The still-hazy impact of the gulf oil spill and lingering double-digit unemployment are making Floridians feel much worse off than they did a year ago, according to a University of Florida survey released Tuesday.
Florida's consumer confidence index fell 3 points in June to 67, UF reported. Among various components of the survey, the biggest drop was in perceptions of personal finances compared to a year ago. That plummeted 9 points to 45, a relatively low level.
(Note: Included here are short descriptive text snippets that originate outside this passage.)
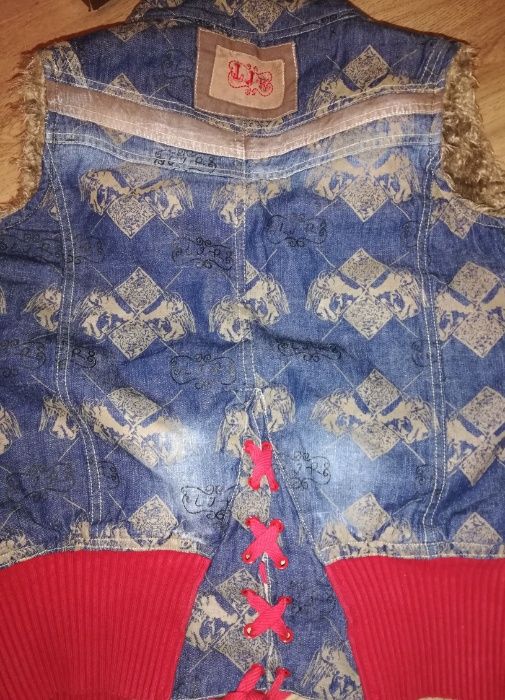 Vesta de blugi LJR cu blanita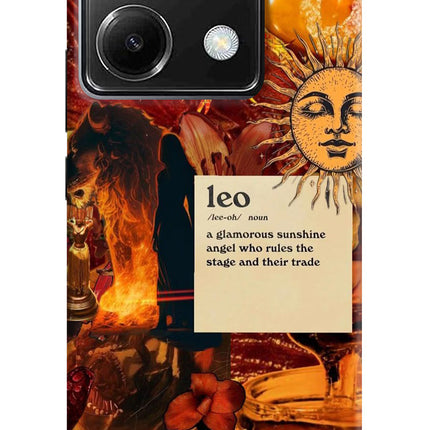 Leo Zodiac Poco X6 Hard Case Back Cover by Casekaro
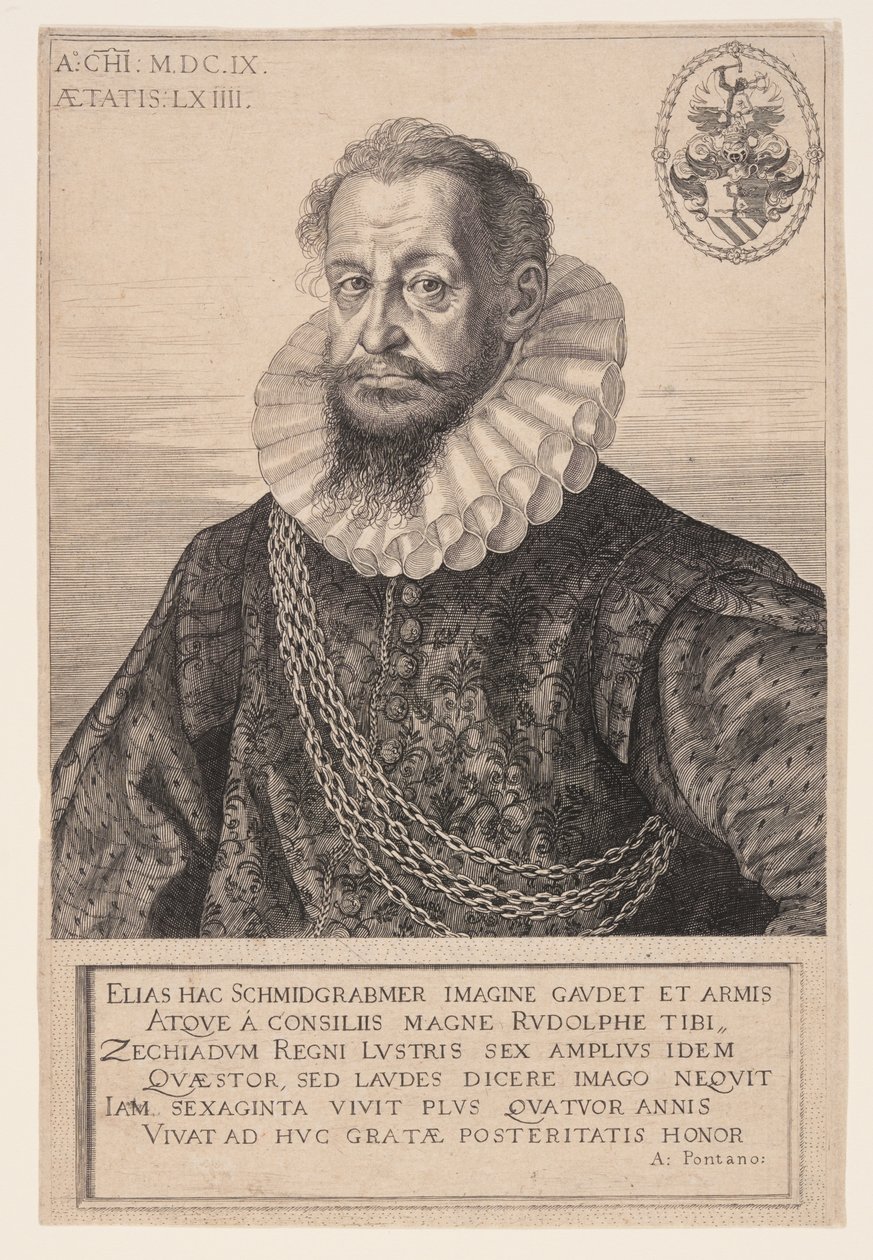 Elias Schmidgrabner, radní pro finance od Aegidius Sadeler II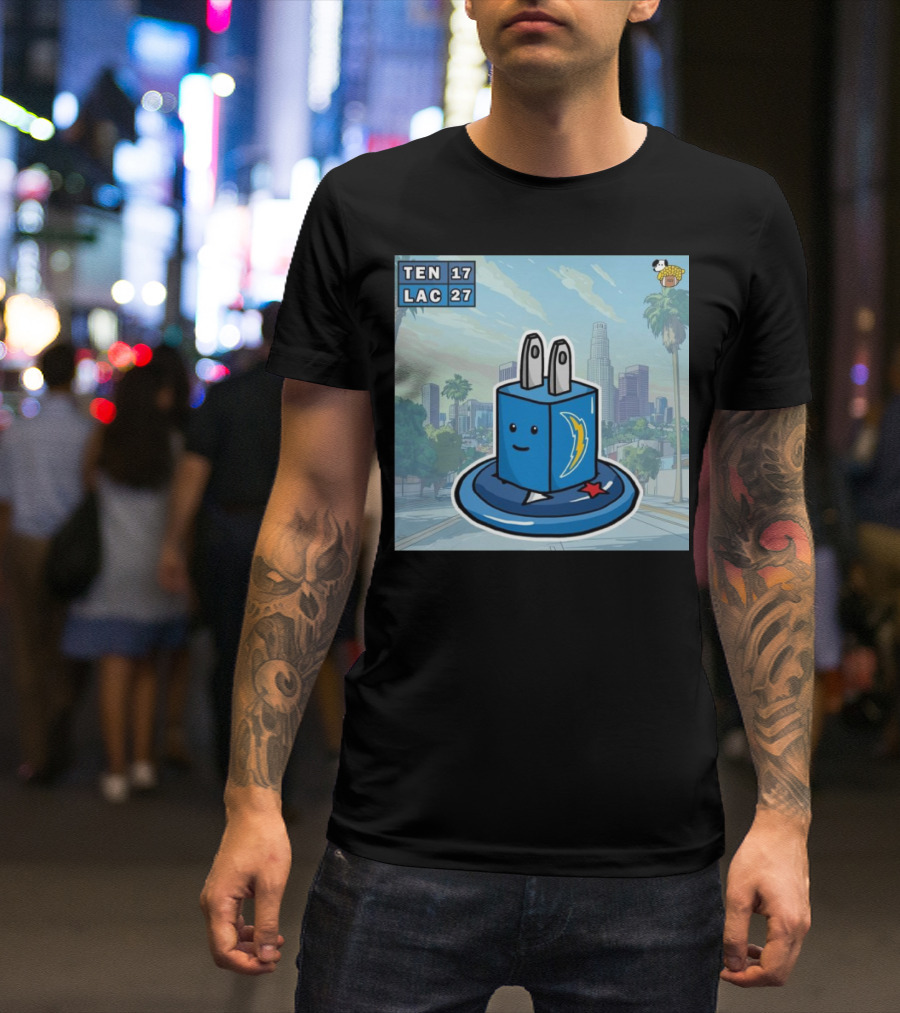 Los Angeles Chargers Victory Over Tennessee Titans 27-17 In NFL Week 10 T-Shirt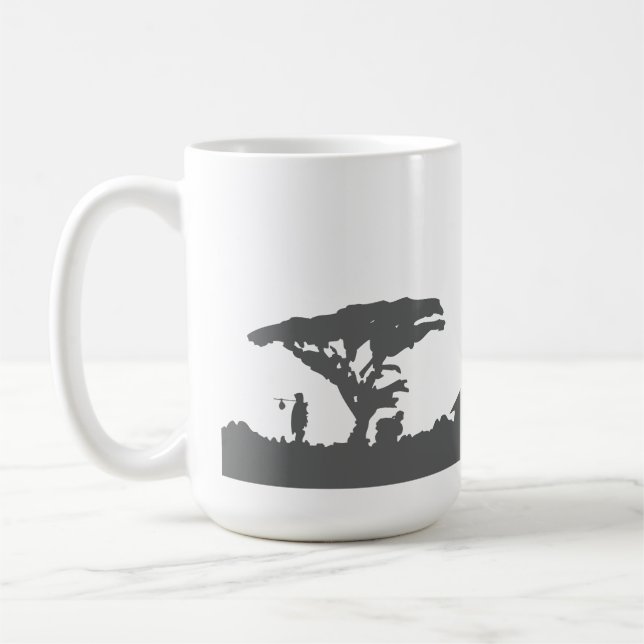 Dorfszene Kaffeetasse (Links)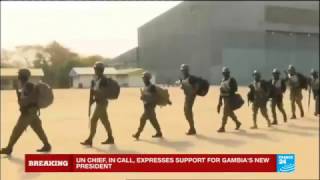 Gambia Senegalese troops have entered the country [upl. by Mitzi]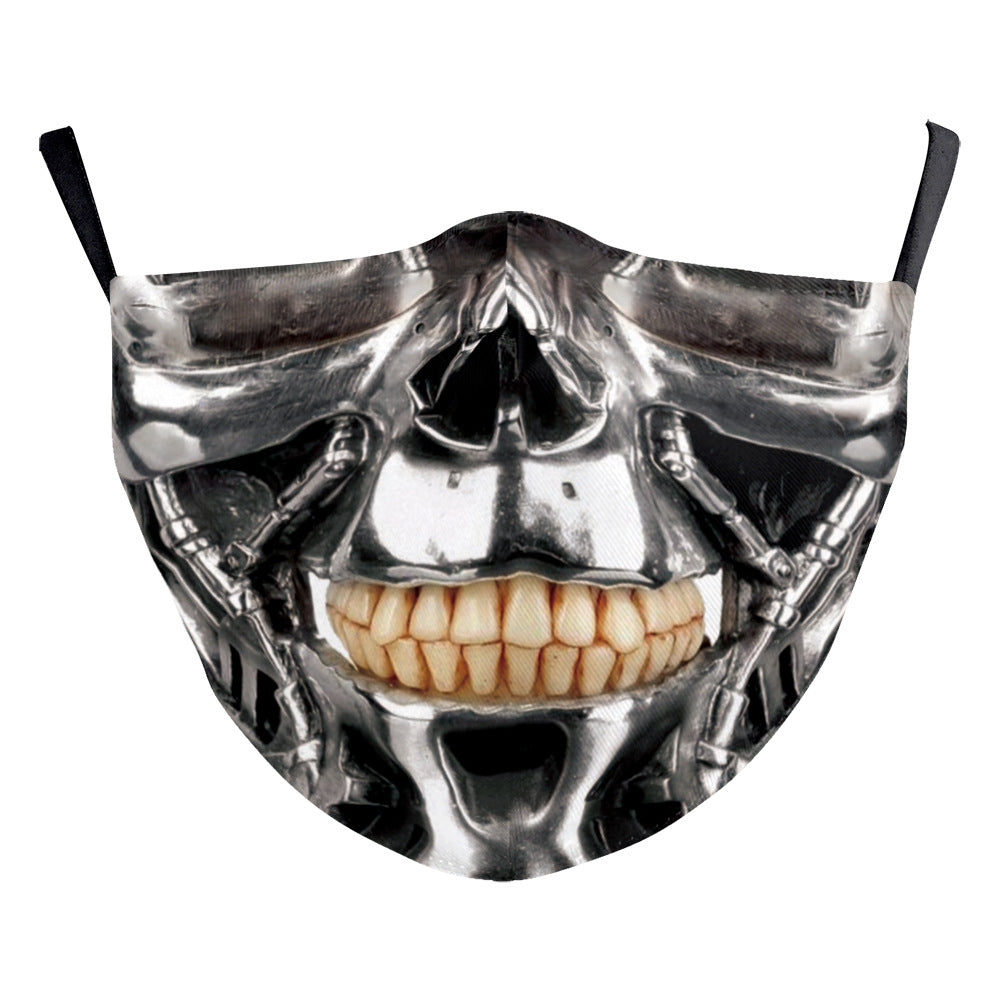 Masque de protection double couche anti-poussière en soie de lait d'Halloween haute densité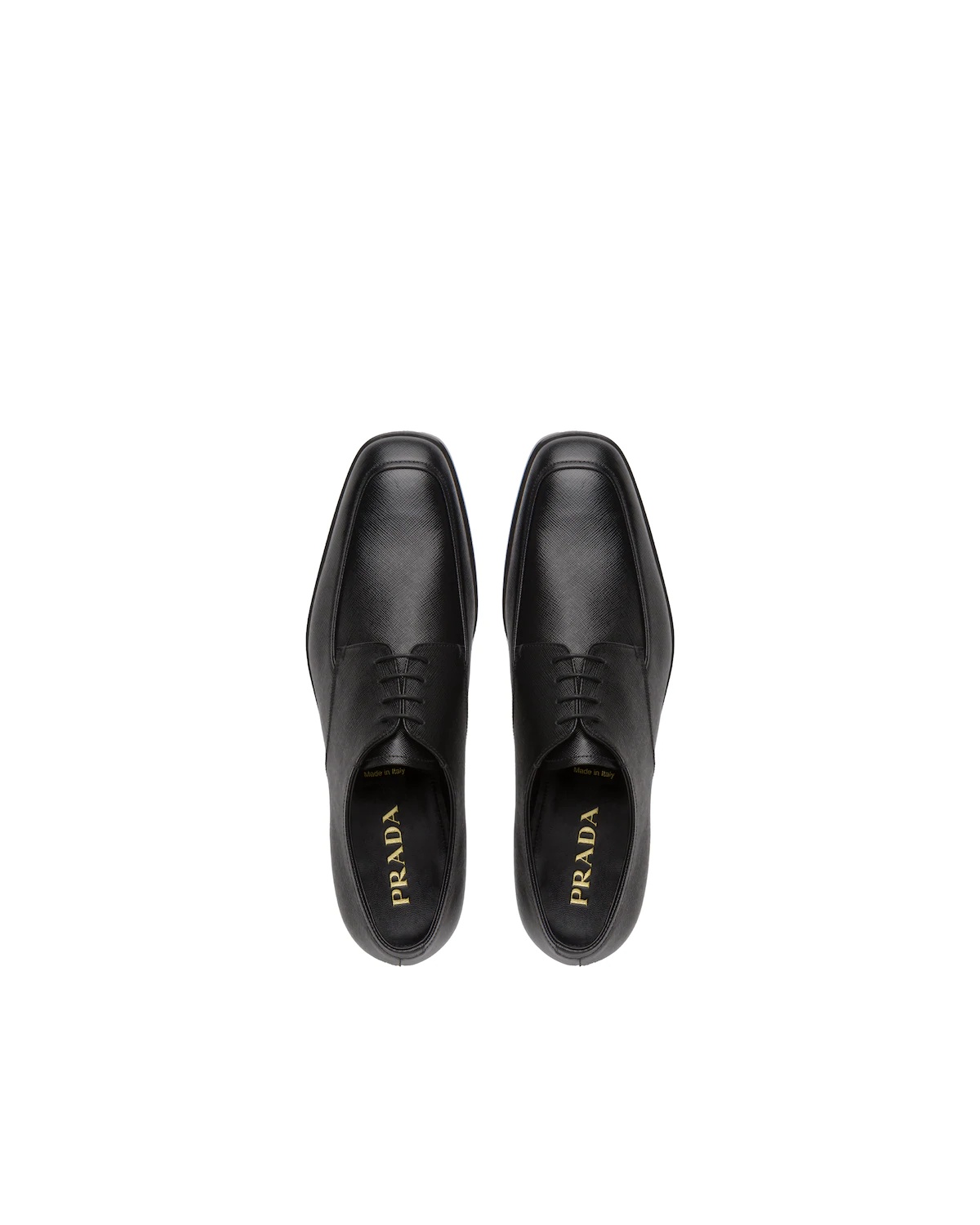 Saffiano leather laced Derby shoes - 3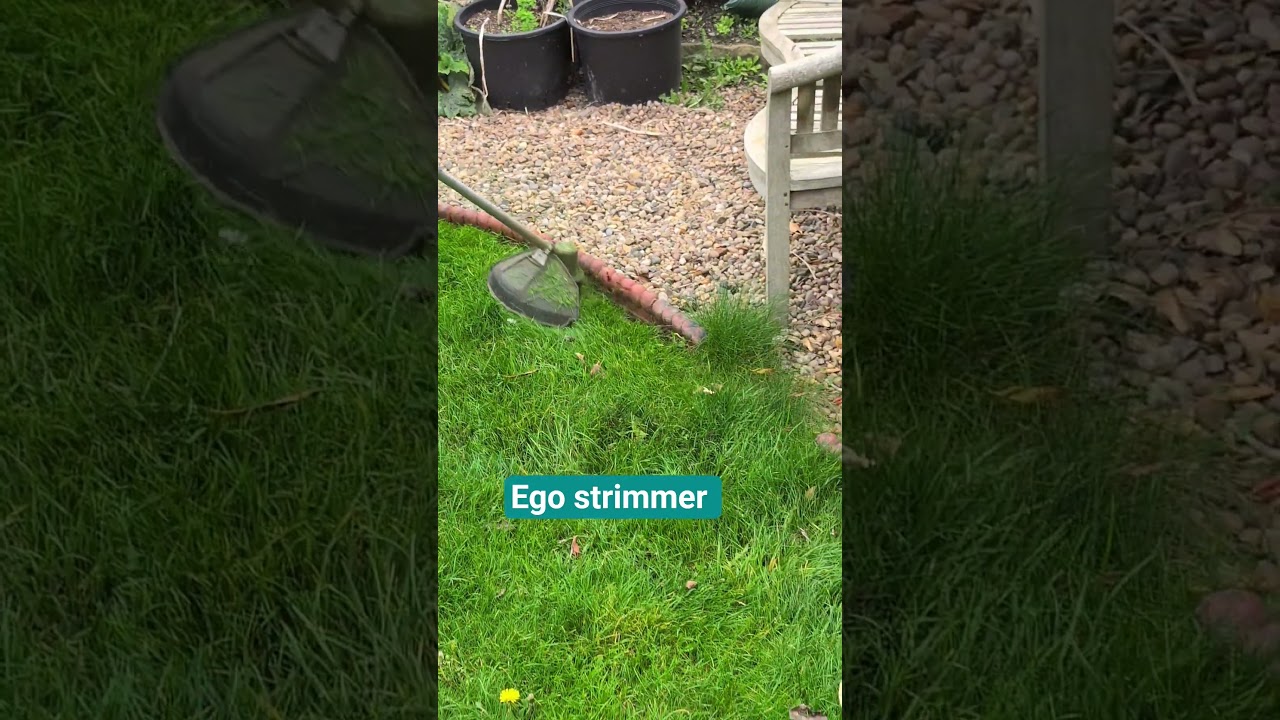 Battery powered strimmers. Do you like them or not?? #strimmer #garden #grass #lawn #strimmer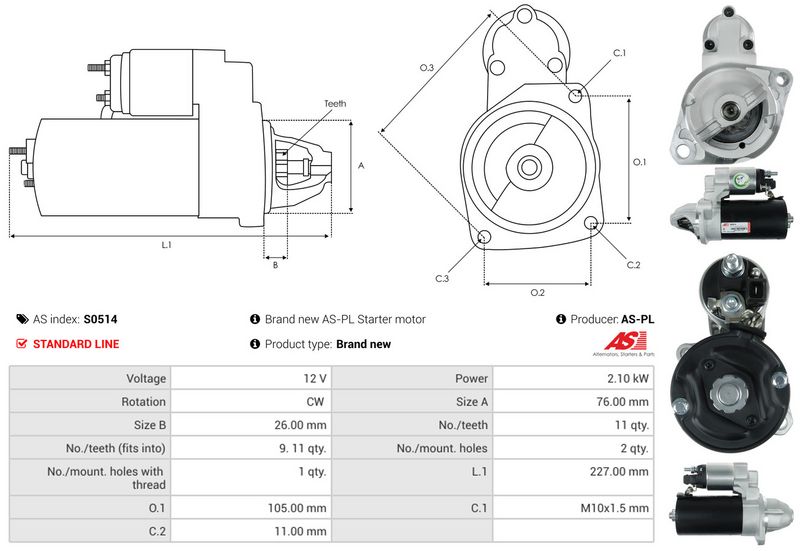 AS-PL S0514 Starter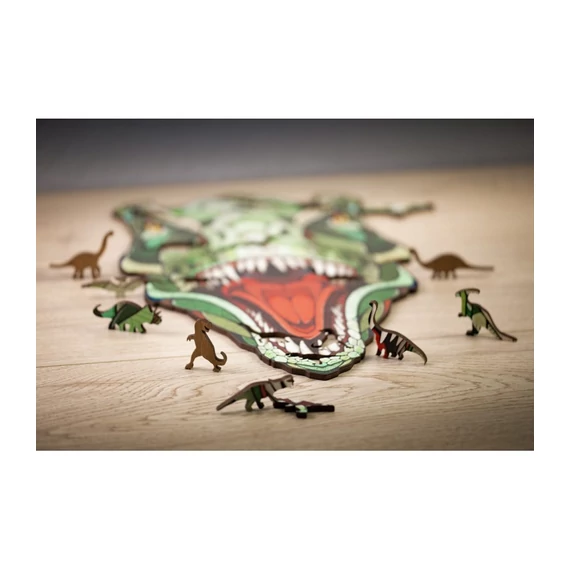 Prémium fa puzzle - T-Rex "S"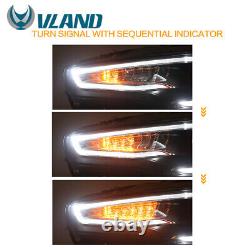 Phares VLAND LED pour Mitsubishi Lancer / evo 2008-2017 Projecteur de phares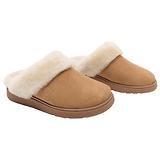 Thumbnail 1 of FitFlop Women's GEN-FF Shearling Suede Slippers - Desert Tan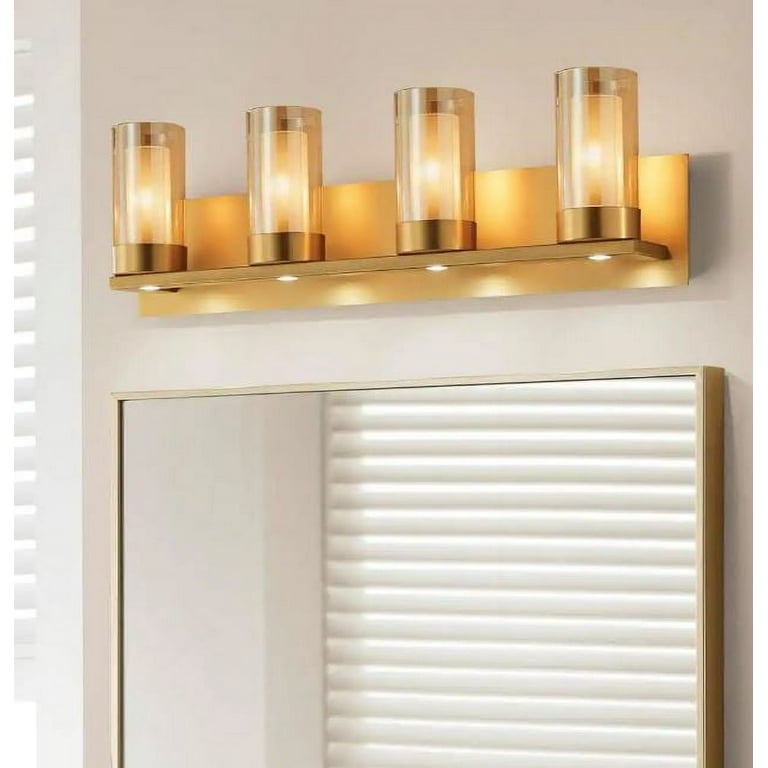 Samantha 26.6 in. 4-Light Chrome LED Bathroom Vanity Light Samantha 26.6 in. 4-Light Chrome LED Bathroom Vanity Light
"The decline in the personal finance questions suggests that on top of the weak recovery, the oil spill has caused some real economic pain, such as through jobs related to tourism and perceptions of lower property values," said Chris McCarty, survey director with UF's Bureau of Economic and Business Research.
The upshot: Since consumer confidence drives spending, retailers could be in for a sluggish summer.
McCarty, for one, predicts that recent drops in consumer confidence are unlikely to reverse until the leaking oil is stopped and the impact of the spill can be quantified.
"We should expect confidence, and therefore retail sales, to be anemic through the summer and perhaps well into the fall," he said.
The Florida numbers mirror nationwide findings from the New York-based Conference Board, whose Consumer Confidence Index dropped almost 10 points in June to 52.9, down from the revised 62.7 in May.
That's the biggest monthly drop since February.
"Increasing uncertainty and apprehension about the future state of the economy and labor market, no doubt a result of the recent slowdown in job growth, are the primary reasons for the sharp reversal in confidence," said Lynn Franco, director of the Conference Board Consumer Research Center.
The national unemployment rate, currently 9.7 percent, is expected to tick up slightly to 9.8 percent when the Labor Department releases its June data on Friday, according to economists surveyed by Thomson Reuters. Florida's jobless rate is at 12 percent and is also widely projected to rise this summer as part-time census jobs dry up.
Among other measurements in Florida's confidence report: Perceptions of U.S. economic conditions over the next year fell 2 points to 64; perceptions as to whether it is a good time to buy big-ticket items fell 1 point to 79.
The monthly telephone survey is benchmarked to 1966, meaning a value of 100 reflects the same level of confidence as in that year.